> [INFORMATION PROVIDED]
######
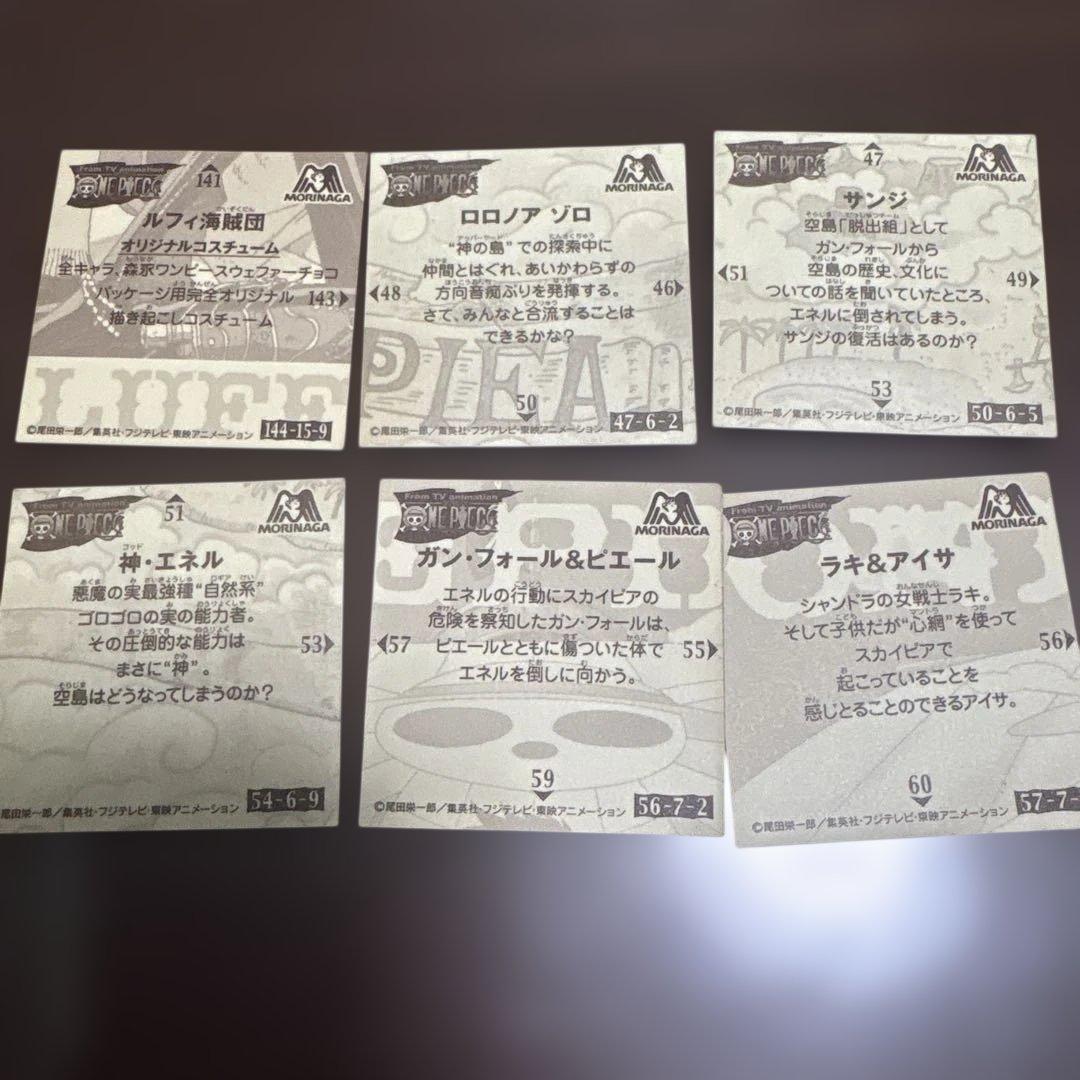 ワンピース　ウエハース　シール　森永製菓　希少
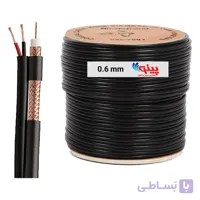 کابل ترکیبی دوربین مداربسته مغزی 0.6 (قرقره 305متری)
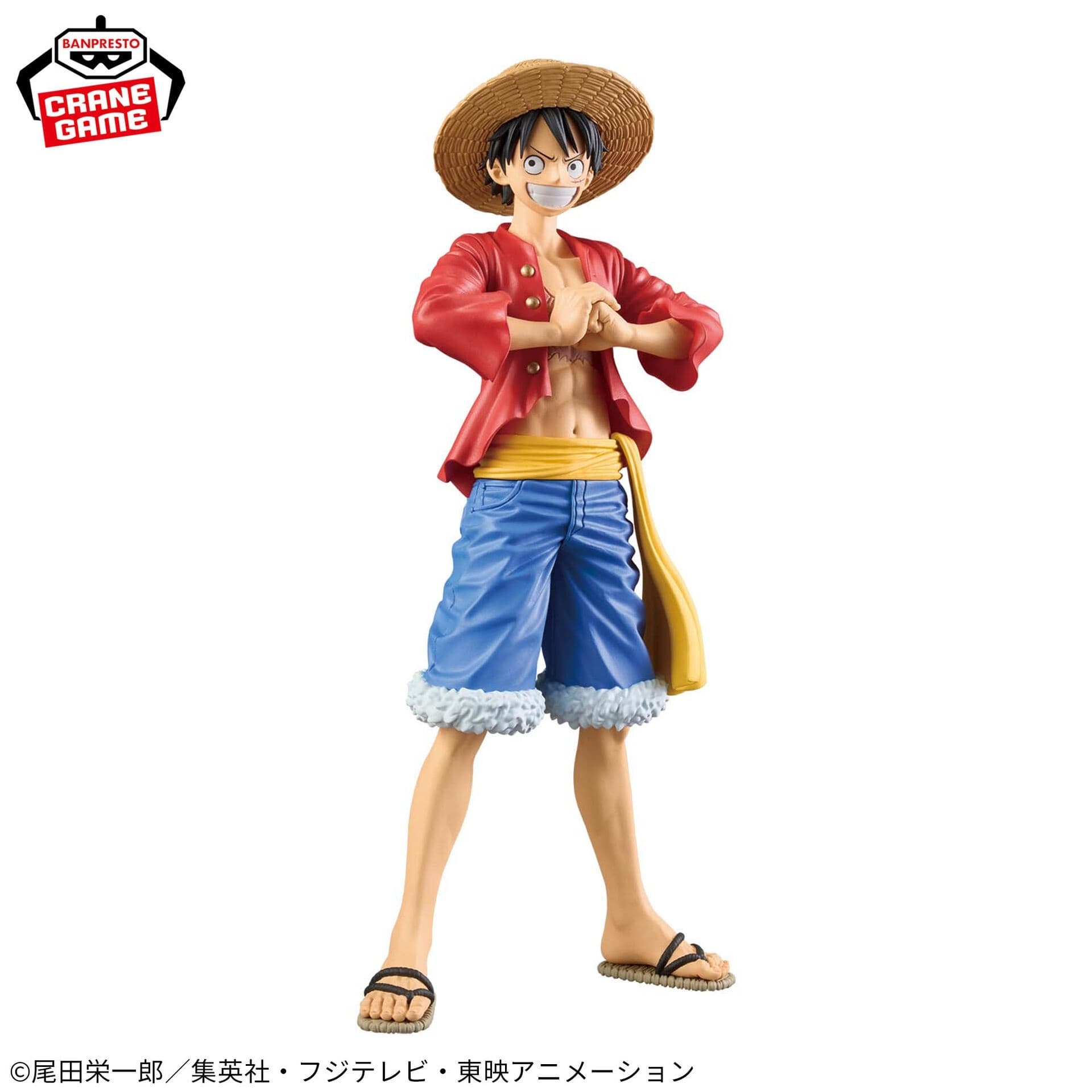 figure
######
> [THE TASK] Reproduce the listing verbatim, and keep the pictures out of the copy.

> [OUTPUT OF THE TASK]
 ワンピース　ウエハース　シール　森永製菓　希少
 کابل ترکیبی دوربین مداربسته مغزی 0.6 (قرقره 305متری)
 figure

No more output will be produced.